User:Mattst88/Council Manifesto
Hi!
I'm Matt Turner. I've used Gentoo since 2004. I've been a developer since 2010. I have 14000+ commits in ::gentoo since the transition to git in 2015.
Council Manifesto
Employment
I am employed by Google, Inc., as a member of the Chrome OS Graphics team, currently maintaining Intel GPU support in ChromeOS. Previously I was employed by Intel where I worked on the Mesa/i965 3D driver team.
Role of a Council member
A Council member should already be a leader in Gentoo, irrespective of the title.
A Council member should drive the distro forward and build consensus around current issues (Note that consensus need not be unanimous).
A Council member should be willing to disagree and commit. A Council member should participate in discussions in a good faith effort to build consensus; the purpose of a discussion is not for others to hear your point.
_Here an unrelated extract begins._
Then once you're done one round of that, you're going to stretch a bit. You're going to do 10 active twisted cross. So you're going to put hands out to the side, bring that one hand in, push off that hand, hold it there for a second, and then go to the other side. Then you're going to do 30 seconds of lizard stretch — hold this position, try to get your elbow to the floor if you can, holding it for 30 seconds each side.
A Council member should be someone who works on issues larger than their immediate responsibilities. That is to say, a Council member should recognize places that need their help and not shy away from taking on a task because it's not their direct responsibility. The whole Gentoo distribution is the responsibility of a Council member.
It should be obvious to say that a Council member should be able to allocate sufficient time and energies to prepare for meetings, participate in discussions, and handle Council matters that are assigned to them. If I were to fail in these most basic responsibilities I would certainly not accept another nomination until I knew I would be able to fulfill them.
Technical Contributions
I'm the current lead of the Release Engineering team, where I develop the Catalyst tool, and maintain automated build systems for the various supported architectures. I've been responsible for many hardware upgrades in recent years: I wrote and managed a grant request for a new SPARC developer system; I organized and managed upgrading our ARM64 developer system. Unexpectedly, I mentored a Google Summer of Code project working on catalyst in 2021.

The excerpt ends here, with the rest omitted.